▸ **EXERCISE BRIEF**
Which lines run from the line containing "Infografikken viser tal" through the end of the records below? Reproduce them exactly, and nothing else.

▸ **RECORDS SHOWN**
******************************

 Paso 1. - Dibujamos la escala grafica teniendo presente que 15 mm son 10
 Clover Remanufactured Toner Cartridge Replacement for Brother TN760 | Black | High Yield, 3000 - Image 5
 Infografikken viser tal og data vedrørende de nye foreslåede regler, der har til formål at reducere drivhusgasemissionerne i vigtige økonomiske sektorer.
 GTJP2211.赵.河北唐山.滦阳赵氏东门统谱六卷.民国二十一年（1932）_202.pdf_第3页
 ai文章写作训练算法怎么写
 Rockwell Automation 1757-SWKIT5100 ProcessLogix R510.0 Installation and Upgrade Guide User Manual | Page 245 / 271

******************************

▸ **SOLUTION BELOW**
 Infografikken viser tal og data vedrørende de nye foreslåede regler, der har til formål at reducere drivhusgasemissionerne i vigtige økonomiske sektorer.
 GTJP2211.赵.河北唐山.滦阳赵氏东门统谱六卷.民国二十一年（1932）_202.pdf_第3页
 ai文章写作训练算法怎么写
 Rockwell Automation 1757-SWKIT5100 ProcessLogix R510.0 Installation and Upgrade Guide User Manual | Page 245 / 271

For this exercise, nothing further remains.